Giovanni Buttarelli, Garante Europeo della Privacy, alla vigilia del summit dei Garanti Ue a Bruxelles dal 22 al 26 ottobre: ‘È finito il tempo in cui interi continenti devono affidarsi alle indulgenze di questo o quel capo di piattaforma o di sistema di ricerca per accedere a dati o avere il supporto di intelligenze per interessi pubblici’.

BreakingDigital, rubrica a cura di Michele Mezza (docente di Culture Digitali all’Università Federico II Napoli) –mediasenzamediatori.org. Autore di ‘Giornalismi nella rete, per non essere sudditi di Facebook e Google’ e ‘Algoritmi di Libertà, La potenza del calcolo tra dominio e conflitto’. Direttore di Pollicina Academy, centro di ricerca sugli effetti del mobile (www.pollicinacademy.it) Analista dei processi digitali e in particolare delle contaminazioni social del mondo delle news. Clicca qui per leggere tutti i contributi.

Il Garante Europeo della Privacy, fino a qualche anno fa, non era certo una di quelle posizioni apicali per cui gli apparati diplomatici si sarebbero combattuti. Lo è diventata grazie alla gestione di Giovanni Buttarelli, un giurista italiano che ha accumulato 4 lustri di esperienze nei gangli di controllo e di garanzia dell’Unione Europea e che oggi, dopo 4 anni di responsabilità dell’ufficio in qualità di Supervisore, può dire che l’Europa è digitalmente una potenza. Certo, insieme alla sua gestione molto ha pure contato la maturazione a livello mondiale dell’emergenza big data, resa dirompente dallo scandalo Cambridge Analytica. Ma è stata la sensibilità e la velocità, termine questo che non si collega naturalmente all’attività degli apparati di Bruxelles, che l’ufficio di garanzia europea dei dati ha mostrato nell’agganciare il cuore del conflitto politico e istituzionale e nel reggere lo scontro con i giganti della Silicon Valley. (‘A Bruxelles la 40° conferenza mondiale dei regolatori su etica digitale e AI’ scarica il PDF)

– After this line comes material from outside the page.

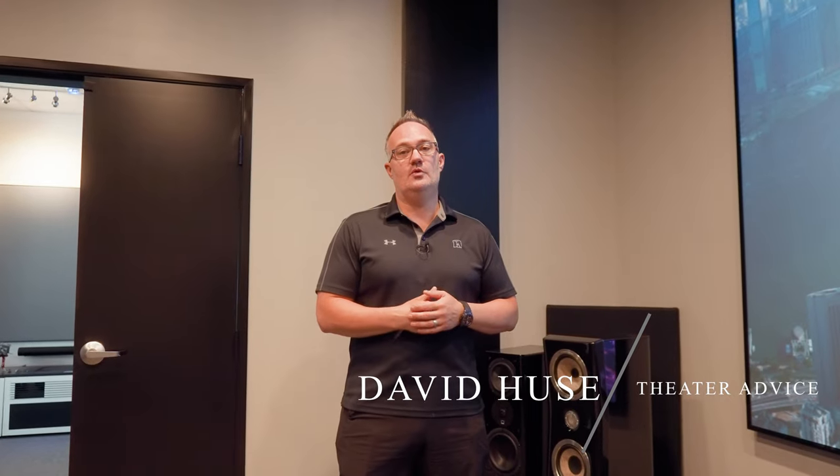Hey, this is David with Home Theater Advice. First, please like and subscribe to the channel so you know when new content is coming out. I'm really going to try to put helpful content out every week. Today is going to piggyback on the 15-minute screen video I finished recently, talking about different screen technologies and why you should have an ALR — ambient light rejecting — screen.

Michele Mezza. I dati sono diventati la moneta parallela della Ue?

 

Giovanni Buttarelli. L’Europa non potrebbe oggi esistere senza un presidio professionale e culturale adeguato alla dimensione che l’intero mondo digitale ha ormai assunto per la nostra vita. I dati ormai sono una vera valuta parallela, uno strumento di misurazione e di scambio della ricchezza. Stiamo proprio discutendo di regole e norme che permettano in Europa di pagare direttamente con dati la merce, anticipando quanto alcuni dei grandi gruppi digitali stanno preparando.

 

Michele Mezza. Non essere subalterni agli OTT, il compito non sembra semplice per i tecnici e i funzionari del suo ufficio accerchiato da giganti.

 

Giovanni Buttarelli. L’Europa è cresciuta molto su questi temi ed oggi, lo dico con orgoglio, è diventata una potenza di saperi e competenze digitali. Sia per l’efficacia che per l’efficienza dei controlli e della governance del sistema. Ma il vero dato di svolta, più che l’azione amministrativa, è proprio la consapevolezza politica e culturale di come oggi l’etica dei sistemi tecnologici sia il vero chiavistello per entrare in questi potentati e renderli trasparenti. Proprio grazie all’etica dei dispositivi matematici, un campo squisitamente, se non esclusivamente, europeo, possiamo legittimamente ambire a misurarci alla pari con le potenze tecnologiche, potendo disporre di linguaggi e soluzioni per controllarle e misurarle. In questo modo, quello che noi chiamiamo il dividendo digitale, ossia quella quota rilevante di ricchezza e di capability che i sistemi informatici intelligenti permettono di accumulare, può essere distribuito e condiviso senza segnare un’ulteriore escalation nella sperequazione fra ricchi di saperi e poveri di opportunità.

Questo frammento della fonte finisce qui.